エマが顔を上げると、メンテが驚いた顔で赤面して、ゆっくりと目を逸らすところだった。
「あ……」
メンテが慌てるところなんて初めて見た。
つまり……すごく……私の顔が……。
メンテは手で顔を隠す。
「あー……、うん、ちょっと休んでれば?」
「察しなくていいから!」
「大丈夫、誰にも言わないから」
「何もないから!!」
「や……でも、その顔……」
目が合うと、メンテが苦笑した。
結局、エマが最初にしたのは、キッチンの床で水を飲むことだった。
キッチンの床なら、食堂に誰か入ってきても顔が合うことはない。
とりあえず、落ち着かなくては。
「ありがと」
立ち上がると、メンテが自家製カレーを煮込んでいるところだった。
「サラダ作るね」
と、エマは茹で卵を作り始める。
キッチンの向こう側、大きな食卓と、その向こうにクッションやソファが置いてあるコーナーが見える。

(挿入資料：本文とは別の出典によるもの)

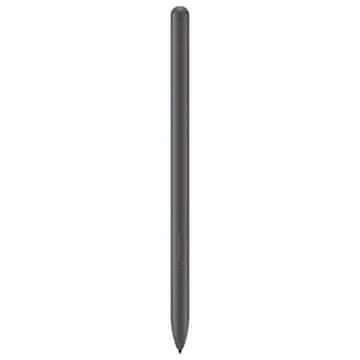 shumee Pisalo za Samsung Galaxy Tab S9 FE S Pen sivo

窓からの日差しはまだ明るくて、夕方とは思えないくらいだ。
ぼんやりと、メンテの料理を眺める。
一番手際がいいのはヴァルだけど、メンテの料理は細かいところにまで気を配られている。紅茶の入れ方、ケーキを作る時のクリームの混ぜ方、カレーのスパイスの分量……。
基本的に魔術師って料理も得意そうだよね。
メンテが野菜を炒める横で、レタスを千切る。
静かな部屋で、調理の音だけが響く。
この時間はとても落ち着く。
この双子は、どちらと一緒にいても、静かな気分になる。
「今度さ」
エマが口を開いた。
「パウンドケーキ作ろうよ。コーヒーに合うやつ」
「いいね。リナリも喜ぶよ」
やがて、リナリが食堂に入り、チュチュとシエロが共に食堂に入ってくると、食卓に今日の夕食が並んだ。
ヴァルが食堂に入って来たのは、夕食の鐘が鳴ってかなり後だった。
気にしないなんてもう無理だ。
斜め向かいに座るヴァルの存在が気になって仕方なかった。
気にしないようにして。
見ないようにして。
気にしていないように振る舞って。
目の前のカレーに集中。
食事中、あまりにも気になって、少しだけ様子を見ようとヴァルの方に視線を向けた。
すると、目が合ってしまって、顔に出てしまいそうになる。
結局、どちらからともなく視線は逸れてしまった。
料理のうまさでいえば、ヴァルとメンテがツートップ。チュチュも器用なので料理もどちらかといえば得意な方です。ちなみにシエロくんはまったく料理ができません。